Monday, April 6, 2009

Tata's Nano pips Maruti's A-Star in fuel efficiency

Market leader Maruti Suzuki’s unchallenged run as the maker of most fuel-efficient cars in India may have ended with the Automobile Research Association of India testifying that Tata Motors’ small car Nano consumes less fuel than its most frugal models.

The Pune-based agency that tests all cars commercially launched in India has certified that Nano, the cheapest car in the world with a price tag of Rs 1.2 lakh in Delhi, is also the most economical one among the 450 models available in the market with a fuel-efficiency figure of 23.6 km per litre of petrol under standard test conditions.

Maruti Suzuki, which boasts of technology from Japanese parent Suzuki, which owns 54% in the BSE-listed car maker, managed a respectable second spot with its A-Star returning an efficiency figure of 19.6 km per litre.

Maruti’s highest-selling model Alto, which has been the most economical car for more than a decade, was tied at the third spot with Hyundai i10 with an efficiency score of 18.1 km per litre.

Fuel efficiency is the single most important factor influencing customer decisions in India, as fuel charge is the largest component of the operating cost of a vehicle.

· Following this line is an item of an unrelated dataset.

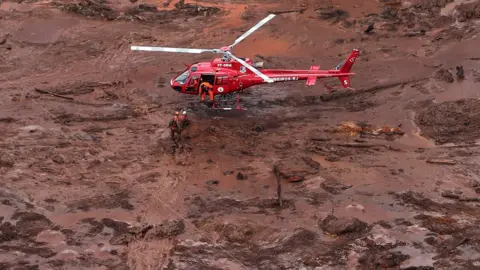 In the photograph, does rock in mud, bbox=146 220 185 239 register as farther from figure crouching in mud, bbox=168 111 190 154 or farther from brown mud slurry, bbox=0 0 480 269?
figure crouching in mud, bbox=168 111 190 154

To cut running cost, auto companies are offering cars that run on alternate fuels such as CNG, LPG and hybrid cars, which lower fuel costs considerably.

Maruti has been credited for launching most efficient petrol cars, while South Korean car maker Hyundai has revolutionised the diesel market by introducing the common rail direct injection technology.

Hyundai’s Verna sedan, which delivers 21.9 kmpl, is the most efficient diesel car ahead of Tata Motors’ Indigo Dicor that returns 21.4 kmpl. Maruti Swift, the largest-selling diesel car in the premium hatchback segment, comes third with a fuel efficiency of 21 kmpl.

For Indian customers, who have multiple choices, buying a new car had been a trial. Now that every car is marketed on the strength of its fuel efficiency, customers are able to make clear choices to keep the fuel costs at bare minimum.

“We have been driving the market by marketing the high fuel efficiency of our cars. Every company is trying to maximise performance by adopting technologies that utilise every drop of fuel to deliver high fuel efficiency,” said a Maruti official, requesting anonymity.

While the Indian market is crowded with over 450 models and cars, it is only the smaller cars that make it to the top fuel-efficiency bracket.

None of the luxury cars figured on the list of most fuel-efficient cars that is dominated by smaller vehicles, though some of them such as Honda’s petrol car City (16.53 kmpl) and Skoda’s Octavia and Laura diesels (16 kmpl) returned excellent fuel-efficiency figures.